> Work task
Exact reproduction of the data is required, with images excluded.

> Materials provided

========

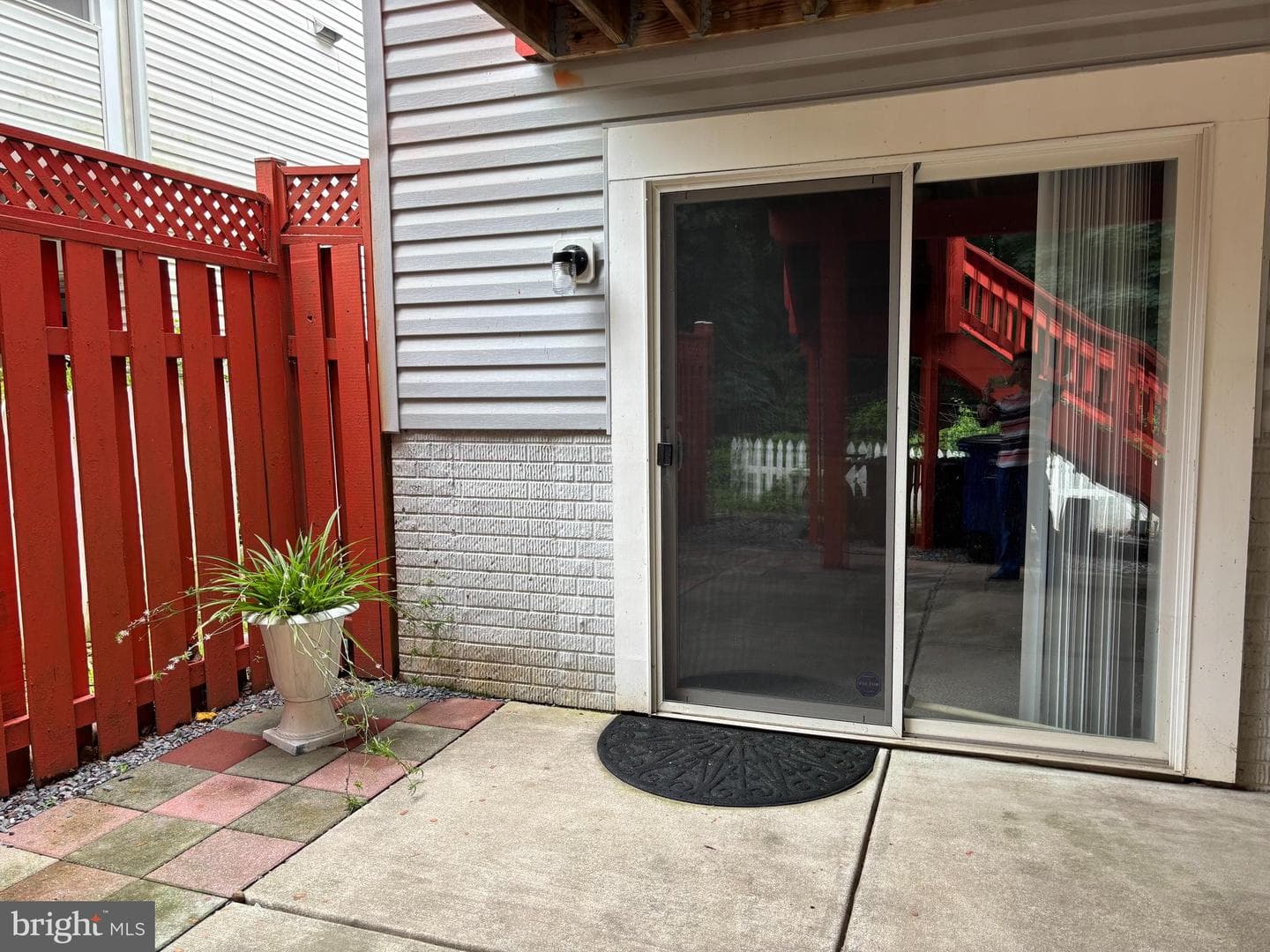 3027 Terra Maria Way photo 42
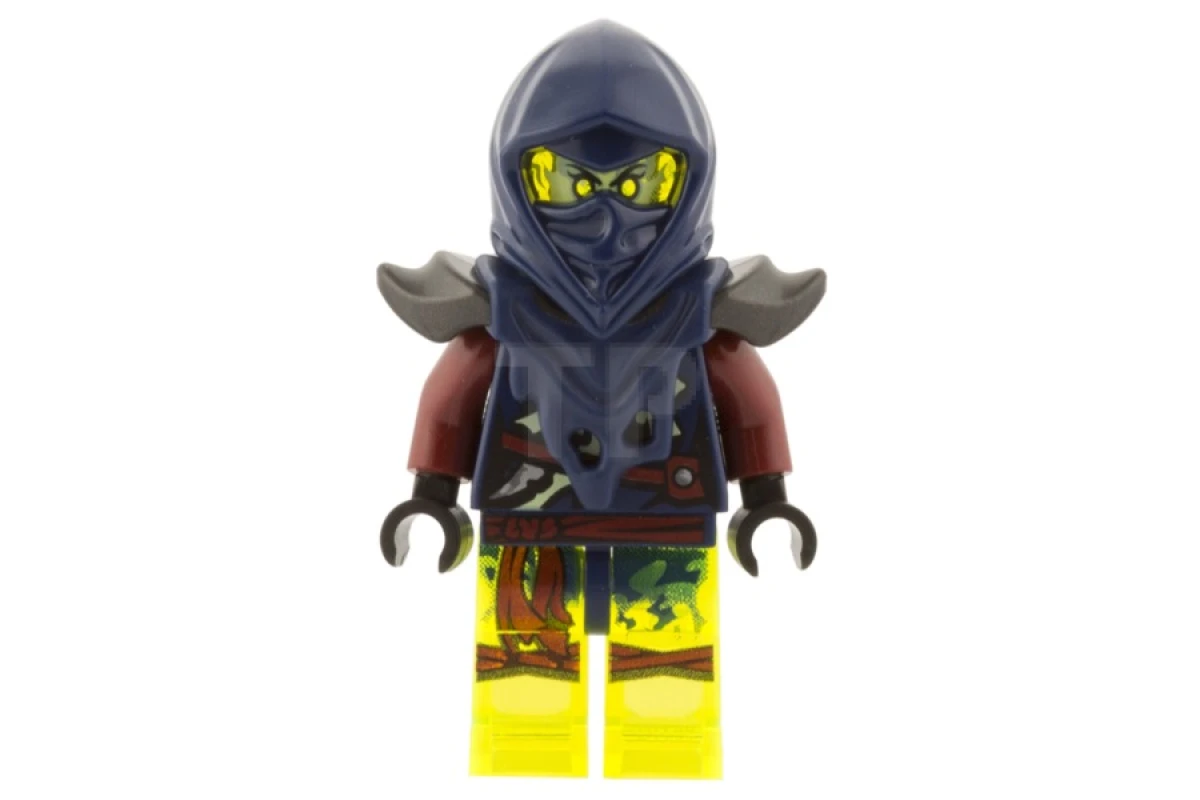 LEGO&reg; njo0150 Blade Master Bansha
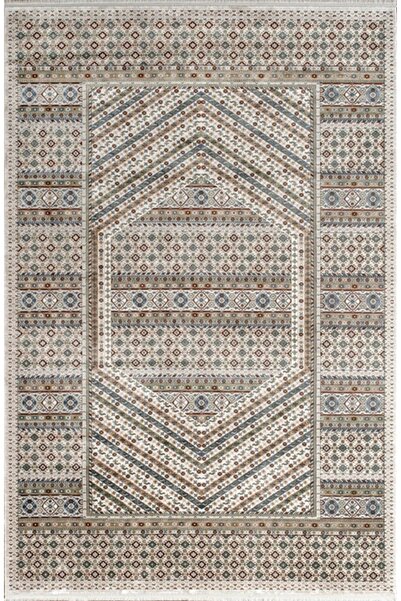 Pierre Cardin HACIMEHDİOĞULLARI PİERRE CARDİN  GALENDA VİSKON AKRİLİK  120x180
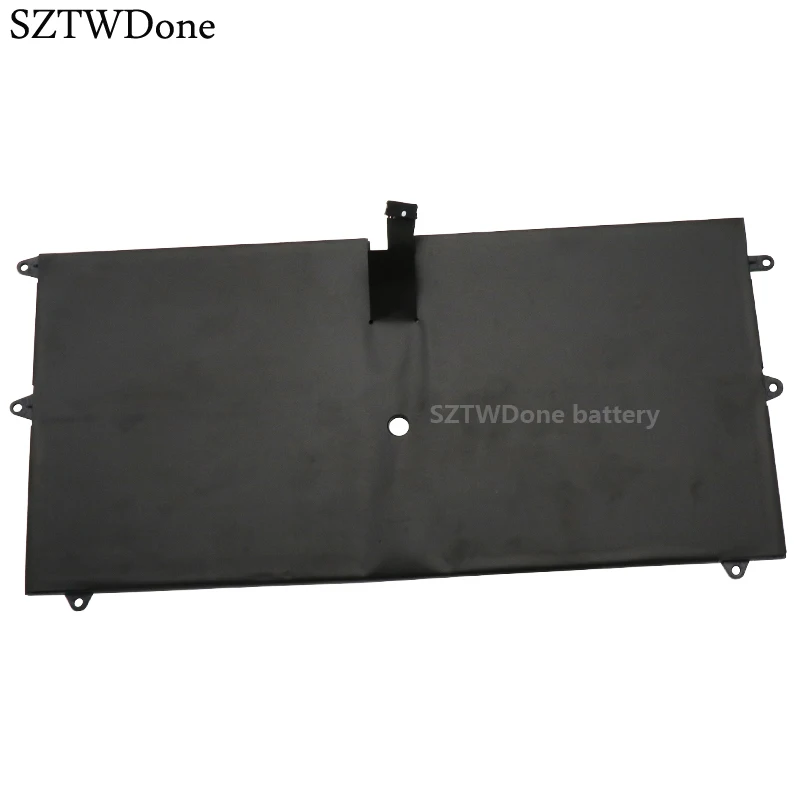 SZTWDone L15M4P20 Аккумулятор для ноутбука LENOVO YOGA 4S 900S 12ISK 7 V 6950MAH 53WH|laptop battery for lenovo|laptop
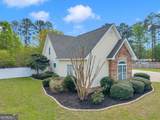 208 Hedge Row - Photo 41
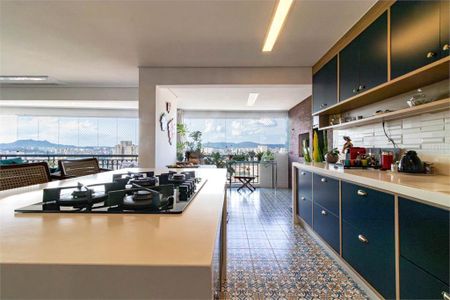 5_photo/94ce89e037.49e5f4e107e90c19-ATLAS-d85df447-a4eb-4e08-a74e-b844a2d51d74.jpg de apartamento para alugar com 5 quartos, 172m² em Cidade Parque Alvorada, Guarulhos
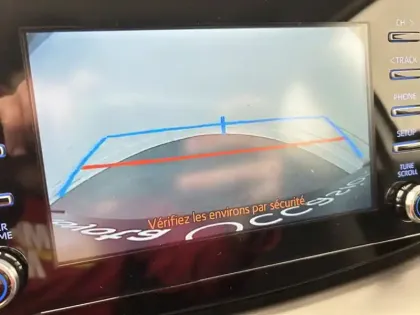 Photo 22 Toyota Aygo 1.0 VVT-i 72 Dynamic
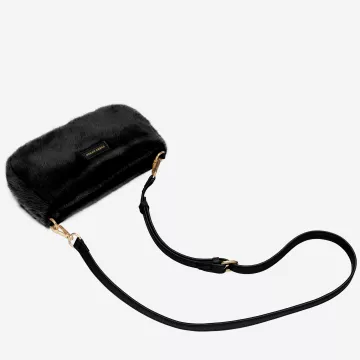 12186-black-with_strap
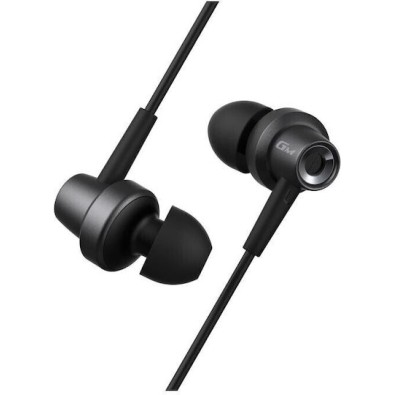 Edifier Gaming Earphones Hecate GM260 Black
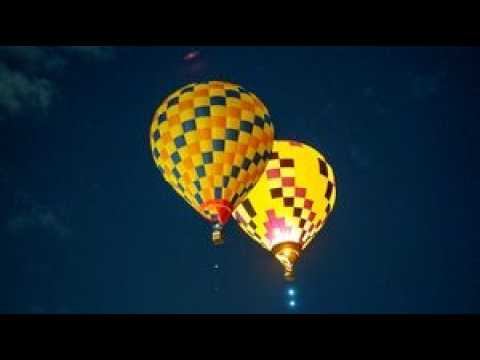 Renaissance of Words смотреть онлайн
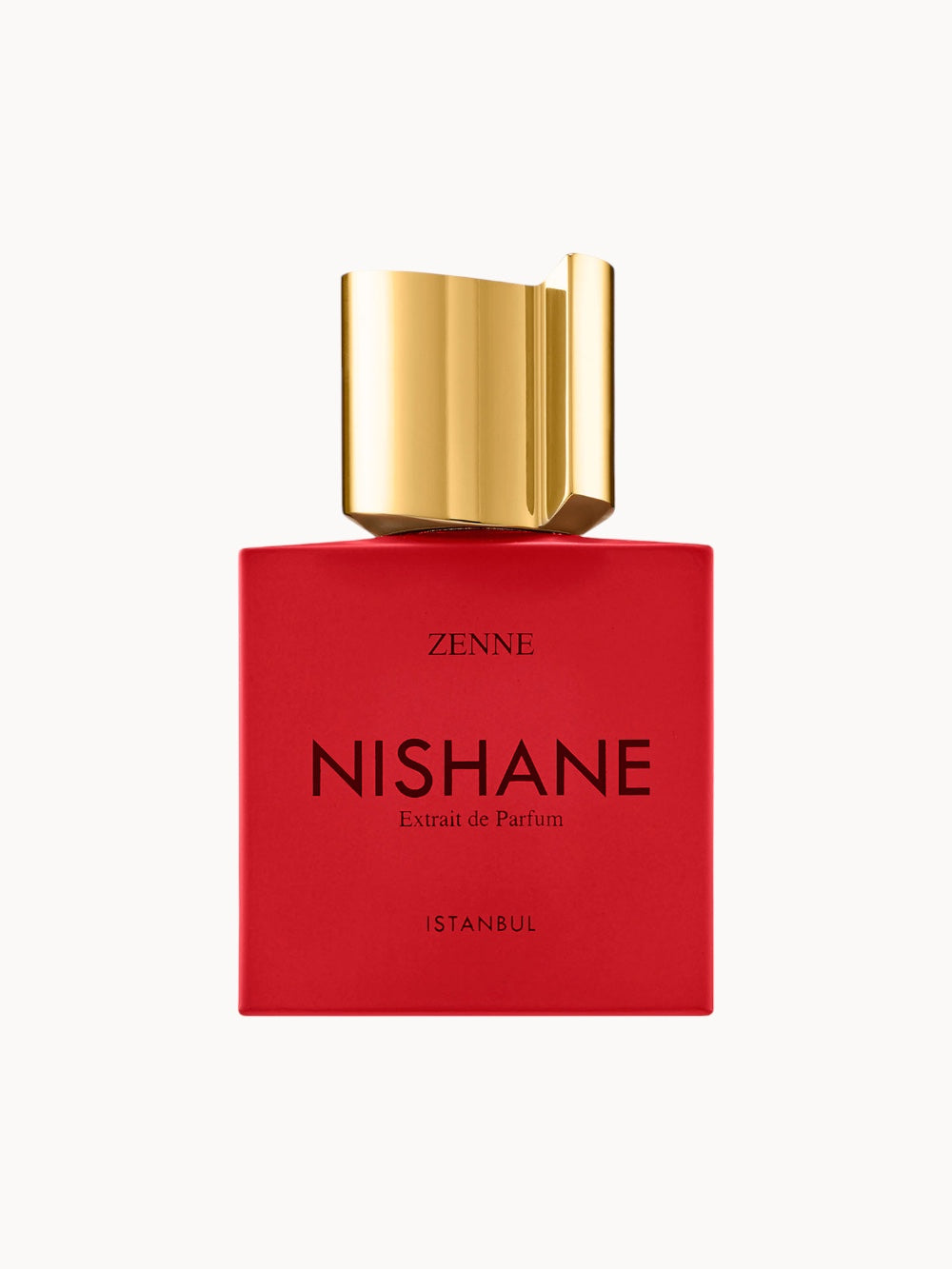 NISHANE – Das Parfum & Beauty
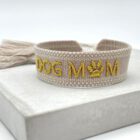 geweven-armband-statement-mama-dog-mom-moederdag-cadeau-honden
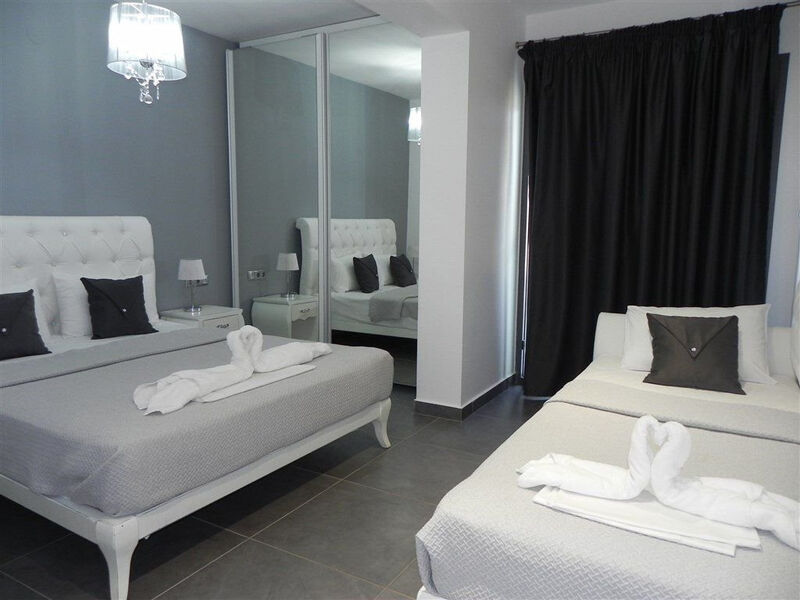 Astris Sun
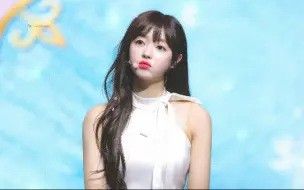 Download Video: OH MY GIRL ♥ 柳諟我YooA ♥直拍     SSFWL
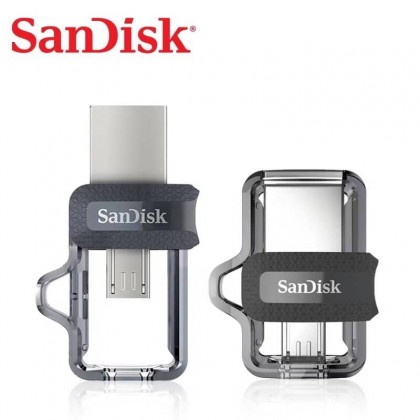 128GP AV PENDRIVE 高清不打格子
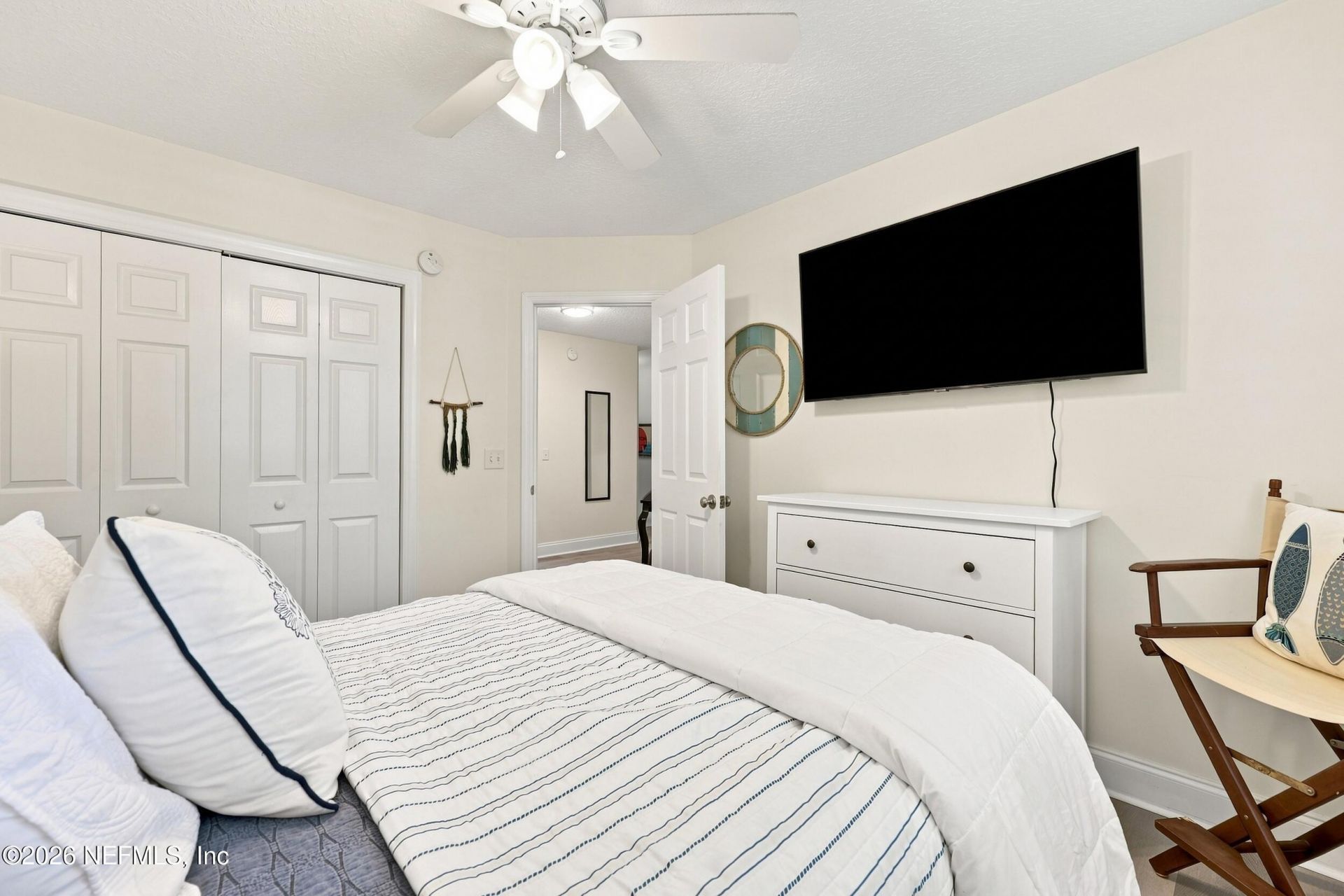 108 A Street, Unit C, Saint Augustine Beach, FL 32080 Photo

========

> Solution
 3027 Terra Maria Way photo 42
 LEGO&reg; njo0150 Blade Master Bansha
 Pierre Cardin HACIMEHDİOĞULLARI PİERRE CARDİN  GALENDA VİSKON AKRİLİK  120x180
 SZTWDone L15M4P20 Аккумулятор для ноутбука LENOVO YOGA 4S 900S 12ISK 7 V 6950MAH 53WH|laptop battery for lenovo|laptop
 208 Hedge Row - Photo 41
 5_photo/94ce89e037.49e5f4e107e90c19-ATLAS-d85df447-a4eb-4e08-a74e-b844a2d51d74.jpg de apartamento para alugar com 5 quartos, 172m² em Cidade Parque Alvorada, Guarulhos
 Photo 22 Toyota Aygo 1.0 VVT-i 72 Dynamic
 12186-black-with_strap
 Edifier Gaming Earphones Hecate GM260 Black
 Renaissance of Words смотреть онлайн
 NISHANE – Das Parfum & Beauty
 geweven-armband-statement-mama-dog-mom-moederdag-cadeau-honden
 Astris Sun
 Download Video: OH MY GIRL ♥ 柳諟我YooA ♥直拍     SSFWL
 128GP AV PENDRIVE 高清不打格子
 108 A Street, Unit C, Saint Augustine Beach, FL 32080 Photo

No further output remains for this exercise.